----- DATA UNDER STUDY -----
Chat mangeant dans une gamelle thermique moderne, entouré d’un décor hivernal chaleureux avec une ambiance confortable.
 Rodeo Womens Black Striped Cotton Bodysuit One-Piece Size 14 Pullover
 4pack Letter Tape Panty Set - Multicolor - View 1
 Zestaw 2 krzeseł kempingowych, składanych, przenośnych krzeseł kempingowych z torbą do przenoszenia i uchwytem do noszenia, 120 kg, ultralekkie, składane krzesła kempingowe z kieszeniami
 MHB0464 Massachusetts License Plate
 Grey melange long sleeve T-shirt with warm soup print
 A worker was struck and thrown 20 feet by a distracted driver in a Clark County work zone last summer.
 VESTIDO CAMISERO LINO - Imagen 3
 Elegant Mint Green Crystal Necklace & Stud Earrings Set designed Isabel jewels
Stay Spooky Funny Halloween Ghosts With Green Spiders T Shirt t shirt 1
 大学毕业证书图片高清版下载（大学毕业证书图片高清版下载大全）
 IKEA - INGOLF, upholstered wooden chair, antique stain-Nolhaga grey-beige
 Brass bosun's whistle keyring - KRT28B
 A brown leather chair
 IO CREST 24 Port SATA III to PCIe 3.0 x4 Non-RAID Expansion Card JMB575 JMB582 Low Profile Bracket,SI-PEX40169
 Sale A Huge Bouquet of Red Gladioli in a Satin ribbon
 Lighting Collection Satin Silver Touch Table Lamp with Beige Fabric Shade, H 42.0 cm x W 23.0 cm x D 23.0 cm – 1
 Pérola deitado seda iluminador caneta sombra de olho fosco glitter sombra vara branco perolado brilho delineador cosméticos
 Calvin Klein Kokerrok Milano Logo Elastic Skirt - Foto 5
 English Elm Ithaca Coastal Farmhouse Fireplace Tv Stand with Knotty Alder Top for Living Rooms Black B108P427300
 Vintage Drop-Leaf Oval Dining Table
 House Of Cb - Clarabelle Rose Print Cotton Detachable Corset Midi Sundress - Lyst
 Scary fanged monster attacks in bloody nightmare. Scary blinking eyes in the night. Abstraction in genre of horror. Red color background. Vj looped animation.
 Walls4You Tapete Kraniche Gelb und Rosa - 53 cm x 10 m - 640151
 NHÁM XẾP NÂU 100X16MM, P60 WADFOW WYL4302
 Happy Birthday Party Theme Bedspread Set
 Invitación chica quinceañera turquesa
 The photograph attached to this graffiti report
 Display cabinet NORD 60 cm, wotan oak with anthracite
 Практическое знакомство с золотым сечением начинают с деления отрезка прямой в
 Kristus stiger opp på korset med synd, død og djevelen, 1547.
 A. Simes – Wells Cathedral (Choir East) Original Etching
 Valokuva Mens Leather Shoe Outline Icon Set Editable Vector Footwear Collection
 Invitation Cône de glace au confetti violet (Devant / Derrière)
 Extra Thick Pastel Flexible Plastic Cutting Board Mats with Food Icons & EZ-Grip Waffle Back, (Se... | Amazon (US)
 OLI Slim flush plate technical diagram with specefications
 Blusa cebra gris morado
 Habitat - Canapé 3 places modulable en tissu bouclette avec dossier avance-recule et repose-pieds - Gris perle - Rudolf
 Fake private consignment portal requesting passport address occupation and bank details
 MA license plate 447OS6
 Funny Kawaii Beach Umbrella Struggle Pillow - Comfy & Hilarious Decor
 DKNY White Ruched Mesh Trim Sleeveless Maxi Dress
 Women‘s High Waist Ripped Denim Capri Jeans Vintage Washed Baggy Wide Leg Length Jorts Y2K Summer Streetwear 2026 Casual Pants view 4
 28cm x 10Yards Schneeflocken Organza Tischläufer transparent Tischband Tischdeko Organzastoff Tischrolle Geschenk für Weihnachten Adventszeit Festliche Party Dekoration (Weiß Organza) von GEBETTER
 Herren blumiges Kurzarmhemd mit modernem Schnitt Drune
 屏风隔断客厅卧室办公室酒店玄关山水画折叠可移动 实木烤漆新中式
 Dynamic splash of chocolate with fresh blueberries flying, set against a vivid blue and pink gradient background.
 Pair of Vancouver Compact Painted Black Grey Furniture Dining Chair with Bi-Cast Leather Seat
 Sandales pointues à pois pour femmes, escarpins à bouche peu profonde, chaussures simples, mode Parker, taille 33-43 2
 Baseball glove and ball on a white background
-----
- _GOAL OF THE EXERCISE_: An exact, complete copy of the records is the expected answer.

- _TASK RESULT_:
Chat mangeant dans une gamelle thermique moderne, entouré d’un décor hivernal chaleureux avec une ambiance confortable.
 Rodeo Womens Black Striped Cotton Bodysuit One-Piece Size 14 Pullover
 4pack Letter Tape Panty Set - Multicolor - View 1
 Zestaw 2 krzeseł kempingowych, składanych, przenośnych krzeseł kempingowych z torbą do przenoszenia i uchwytem do noszenia, 120 kg, ultralekkie, składane krzesła kempingowe z kieszeniami
 MHB0464 Massachusetts License Plate
 Grey melange long sleeve T-shirt with warm soup print
 A worker was struck and thrown 20 feet by a distracted driver in a Clark County work zone last summer.
 VESTIDO CAMISERO LINO - Imagen 3
 Elegant Mint Green Crystal Necklace & Stud Earrings Set designed Isabel jewels
Stay Spooky Funny Halloween Ghosts With Green Spiders T Shirt t shirt 1
 大学毕业证书图片高清版下载（大学毕业证书图片高清版下载大全）
 IKEA - INGOLF, upholstered wooden chair, antique stain-Nolhaga grey-beige
 Brass bosun's whistle keyring - KRT28B
 A brown leather chair
 IO CREST 24 Port SATA III to PCIe 3.0 x4 Non-RAID Expansion Card JMB575 JMB582 Low Profile Bracket,SI-PEX40169
 Sale A Huge Bouquet of Red Gladioli in a Satin ribbon
 Lighting Collection Satin Silver Touch Table Lamp with Beige Fabric Shade, H 42.0 cm x W 23.0 cm x D 23.0 cm – 1
 Pérola deitado seda iluminador caneta sombra de olho fosco glitter sombra vara branco perolado brilho delineador cosméticos
 Calvin Klein Kokerrok Milano Logo Elastic Skirt - Foto 5
 English Elm Ithaca Coastal Farmhouse Fireplace Tv Stand with Knotty Alder Top for Living Rooms Black B108P427300
 Vintage Drop-Leaf Oval Dining Table
 House Of Cb - Clarabelle Rose Print Cotton Detachable Corset Midi Sundress - Lyst
 Scary fanged monster attacks in bloody nightmare. Scary blinking eyes in the night. Abstraction in genre of horror. Red color background. Vj looped animation.
 Walls4You Tapete Kraniche Gelb und Rosa - 53 cm x 10 m - 640151
 NHÁM XẾP NÂU 100X16MM, P60 WADFOW WYL4302
 Happy Birthday Party Theme Bedspread Set
 Invitación chica quinceañera turquesa
 The photograph attached to this graffiti report
 Display cabinet NORD 60 cm, wotan oak with anthracite
 Практическое знакомство с золотым сечением начинают с деления отрезка прямой в
 Kristus stiger opp på korset med synd, død og djevelen, 1547.
 A. Simes – Wells Cathedral (Choir East) Original Etching
 Valokuva Mens Leather Shoe Outline Icon Set Editable Vector Footwear Collection
 Invitation Cône de glace au confetti violet (Devant / Derrière)
 Extra Thick Pastel Flexible Plastic Cutting Board Mats with Food Icons & EZ-Grip Waffle Back, (Se... | Amazon (US)
 OLI Slim flush plate technical diagram with specefications
 Blusa cebra gris morado
 Habitat - Canapé 3 places modulable en tissu bouclette avec dossier avance-recule et repose-pieds - Gris perle - Rudolf
 Fake private consignment portal requesting passport address occupation and bank details
 MA license plate 447OS6
 Funny Kawaii Beach Umbrella Struggle Pillow - Comfy & Hilarious Decor
 DKNY White Ruched Mesh Trim Sleeveless Maxi Dress
 Women‘s High Waist Ripped Denim Capri Jeans Vintage Washed Baggy Wide Leg Length Jorts Y2K Summer Streetwear 2026 Casual Pants view 4
 28cm x 10Yards Schneeflocken Organza Tischläufer transparent Tischband Tischdeko Organzastoff Tischrolle Geschenk für Weihnachten Adventszeit Festliche Party Dekoration (Weiß Organza) von GEBETTER
 Herren blumiges Kurzarmhemd mit modernem Schnitt Drune
 屏风隔断客厅卧室办公室酒店玄关山水画折叠可移动 实木烤漆新中式
 Dynamic splash of chocolate with fresh blueberries flying, set against a vivid blue and pink gradient background.
 Pair of Vancouver Compact Painted Black Grey Furniture Dining Chair with Bi-Cast Leather Seat
 Sandales pointues à pois pour femmes, escarpins à bouche peu profonde, chaussures simples, mode Parker, taille 33-43 2
 Baseball glove and ball on a white background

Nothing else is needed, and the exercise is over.